AGI –  Sono oltre 1.300 gli arresti effettuati in tutta la Russia fra i manifestanti contro la guerra in Ucraina.

Le proteste sono partite dopo l’annuncio, da parte del presidente Vladimir Putin, di una “mobilitazione parziale” dei civili per combattere in Ucraina.

 

#Breaking: Protests against military mobilization in St Petersburg, Moscow, Yekaterinburg and many other Russian cities tonight.#RussianArmy #Russia #Usa #UK #mobilization #UN #EU #Internationalleaks #Breaking pic.twitter.com/yTgDxgiAdh

— International Leaks (@Internl_Leaks)
September 21, 2022

 

Video diffusi sui social network mostrano le strade di Mosca percorse da numerosi manifestanti. Le stime sugli arresti sono del gruppo di monitoraggio OVD-Info e documentano 1.332 persone arrestate in 38 città diverse attraverso il Paese dopo il discorso alla nazione che il presidente ha diffuso stamattina.

Si tratta delle manifestazioni più imponenti da quelle dello scorso febbraio, dopo l’inizio dell’intervento russo in Ucraina.

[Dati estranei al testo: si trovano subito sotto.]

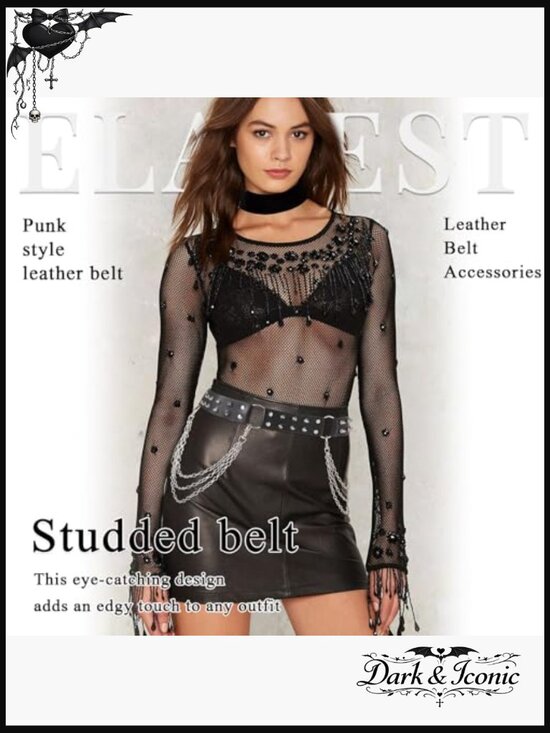 Punk Studded Waist Belt Gothic Pyramid Belt Faux Leather Adjustable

Secondo i giornalisti di AFP a Mosca, almeno 50 persone sono state fermate dalla polizia in assetto anti-sommossa nella principale strada dello shopping.

A San Pietroburgo i reporter hanno visto la polizia circondare un piccolo gruppo di manifestanti e arrestarli uno per volta trasportandoli in un bus. I manifestanti gridano “no alla mobilitazione”. 

Fonte: Agi.it

Di Antonio Signoriello

Sono Antonio Signoriello, Blogger ed Esploratore di notizie in rete. "Il blogger è una persona che si occupa di un blog perché qualcuno glielo chiede oppure, ed aggiungerei che sfortunatamente è il caso più frequente, perché nessuno glielo chiede" (Nonciclopedia)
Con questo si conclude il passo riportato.